7318AFE Business Data Analytics - 24-Hour Assignment Questions

Get Expert's Help on Assessment Writing

Question 3 (10 marks)

Use the dataset yelp1000.xlsx to answer this question. The dataset contains the following columns: date, stars, text (restaurant text reviews), cool, useful, and funny.

  1. Create a pie plot of the number of reviews (texts) for each type of star rating. Find the most frequent word used (excluding stopwords) for each type of star rating.
  2. Obtain sentiment scores (compound, neg, neu and pos) of each review (text). Report the most positive text and the most negative one. How many texts are with neu score equal to 1?
  3. Find the interquartile range of compound for each stars group (1 to 5) and make a boxplot of compound using different color for each stars group. Comment on the outcomes.
  4. Find the total number of reviews in 2011 and 2012, respectively. Find the proportion of compound below zero in 2011 and 2012, respectively. Compute the 90% confidence interval of the proportion of compound below zero in 2011 and 2012, respectively. Comment on the results.
  5. Use "apply(len)"to create a new column called "length" which is the number of words in the text column. Test if 60% (60 per cent) of the reviews (texts) are with more than 500 words (including space). State the null hypothesis and the alternative hypothesis. Comment on the results.

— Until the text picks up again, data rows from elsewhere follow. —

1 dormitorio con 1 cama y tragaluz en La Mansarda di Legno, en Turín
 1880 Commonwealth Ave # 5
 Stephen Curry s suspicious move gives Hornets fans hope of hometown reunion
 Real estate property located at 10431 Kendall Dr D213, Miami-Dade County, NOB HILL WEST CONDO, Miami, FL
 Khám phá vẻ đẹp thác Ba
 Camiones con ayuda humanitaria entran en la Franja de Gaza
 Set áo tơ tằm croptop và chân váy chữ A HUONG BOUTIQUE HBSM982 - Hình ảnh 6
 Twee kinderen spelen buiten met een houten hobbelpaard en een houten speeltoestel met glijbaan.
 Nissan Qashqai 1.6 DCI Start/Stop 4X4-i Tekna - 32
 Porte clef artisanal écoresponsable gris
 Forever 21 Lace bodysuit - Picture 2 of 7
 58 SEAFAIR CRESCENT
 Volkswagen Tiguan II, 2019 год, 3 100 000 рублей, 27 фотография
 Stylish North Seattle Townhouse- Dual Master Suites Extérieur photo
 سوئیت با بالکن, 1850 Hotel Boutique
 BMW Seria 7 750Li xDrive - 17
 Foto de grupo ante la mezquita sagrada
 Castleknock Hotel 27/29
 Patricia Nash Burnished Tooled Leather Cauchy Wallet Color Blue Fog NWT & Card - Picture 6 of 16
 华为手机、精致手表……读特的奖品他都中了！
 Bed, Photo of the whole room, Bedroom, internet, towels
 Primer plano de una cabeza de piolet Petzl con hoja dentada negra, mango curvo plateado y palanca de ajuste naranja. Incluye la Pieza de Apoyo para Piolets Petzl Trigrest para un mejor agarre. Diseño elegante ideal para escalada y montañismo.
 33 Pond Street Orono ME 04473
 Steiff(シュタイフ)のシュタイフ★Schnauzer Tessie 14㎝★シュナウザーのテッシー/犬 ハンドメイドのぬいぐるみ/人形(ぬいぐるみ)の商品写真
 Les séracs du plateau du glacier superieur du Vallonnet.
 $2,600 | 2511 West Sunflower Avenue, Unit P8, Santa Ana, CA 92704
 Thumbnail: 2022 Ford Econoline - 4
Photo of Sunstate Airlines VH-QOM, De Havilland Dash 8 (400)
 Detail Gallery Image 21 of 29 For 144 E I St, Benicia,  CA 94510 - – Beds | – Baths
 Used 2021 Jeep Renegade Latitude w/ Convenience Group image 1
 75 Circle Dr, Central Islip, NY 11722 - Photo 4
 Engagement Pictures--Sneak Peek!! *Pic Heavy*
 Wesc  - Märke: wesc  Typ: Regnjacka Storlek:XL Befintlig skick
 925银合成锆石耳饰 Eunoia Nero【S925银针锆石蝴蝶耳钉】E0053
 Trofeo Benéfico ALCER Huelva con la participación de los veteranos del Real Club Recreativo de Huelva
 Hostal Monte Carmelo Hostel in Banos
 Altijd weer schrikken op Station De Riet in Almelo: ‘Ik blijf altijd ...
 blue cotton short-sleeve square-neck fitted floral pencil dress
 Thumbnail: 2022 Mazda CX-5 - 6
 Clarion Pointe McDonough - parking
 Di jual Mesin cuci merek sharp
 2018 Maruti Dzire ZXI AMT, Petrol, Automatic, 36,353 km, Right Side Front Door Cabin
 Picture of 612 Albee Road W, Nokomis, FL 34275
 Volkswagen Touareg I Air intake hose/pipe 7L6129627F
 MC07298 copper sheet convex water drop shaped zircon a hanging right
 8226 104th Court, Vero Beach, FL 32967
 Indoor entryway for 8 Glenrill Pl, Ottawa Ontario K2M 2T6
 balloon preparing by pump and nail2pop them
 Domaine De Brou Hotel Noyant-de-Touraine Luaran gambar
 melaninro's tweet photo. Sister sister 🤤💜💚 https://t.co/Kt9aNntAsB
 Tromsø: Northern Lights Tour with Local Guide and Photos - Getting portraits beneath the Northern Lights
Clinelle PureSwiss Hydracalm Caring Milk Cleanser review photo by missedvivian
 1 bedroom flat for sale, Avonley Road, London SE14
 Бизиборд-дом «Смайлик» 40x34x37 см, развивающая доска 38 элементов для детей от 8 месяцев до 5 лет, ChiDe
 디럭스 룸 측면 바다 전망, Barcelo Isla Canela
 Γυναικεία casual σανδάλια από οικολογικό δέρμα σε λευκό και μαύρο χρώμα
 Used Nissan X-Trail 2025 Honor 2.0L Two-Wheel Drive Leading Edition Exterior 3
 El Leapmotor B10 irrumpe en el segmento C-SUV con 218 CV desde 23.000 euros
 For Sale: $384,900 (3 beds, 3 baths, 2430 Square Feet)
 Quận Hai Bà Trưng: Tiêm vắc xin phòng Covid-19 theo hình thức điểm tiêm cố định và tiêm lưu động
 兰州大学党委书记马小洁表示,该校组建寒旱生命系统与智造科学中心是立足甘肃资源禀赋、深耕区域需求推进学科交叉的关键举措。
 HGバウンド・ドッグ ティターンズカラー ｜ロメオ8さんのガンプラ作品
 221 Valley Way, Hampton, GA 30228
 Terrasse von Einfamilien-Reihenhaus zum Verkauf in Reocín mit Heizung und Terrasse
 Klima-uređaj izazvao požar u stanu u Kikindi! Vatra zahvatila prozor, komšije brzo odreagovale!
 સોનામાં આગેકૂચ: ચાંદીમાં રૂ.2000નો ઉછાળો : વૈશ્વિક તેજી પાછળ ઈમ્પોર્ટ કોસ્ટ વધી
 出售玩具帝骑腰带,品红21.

Get Your Customize Task on any subject starting 10$/Page

Expert's Answer

Hire Our PhD Expert Writers

 

Need Urgent Academic Assistance?

Price Starts from $10 Per Page

*
*
*
*

 

 

Plagiarism Checker

Submit your documents and get Plagiarism report
Check Plagiarism

Chat with our Experts

Want to contact us directly? No Problem. We are always here for you

TOP
Order Notification

[variable_1] from [variable_2] has just ordered [variable_3] Assignment [amount] minutes ago.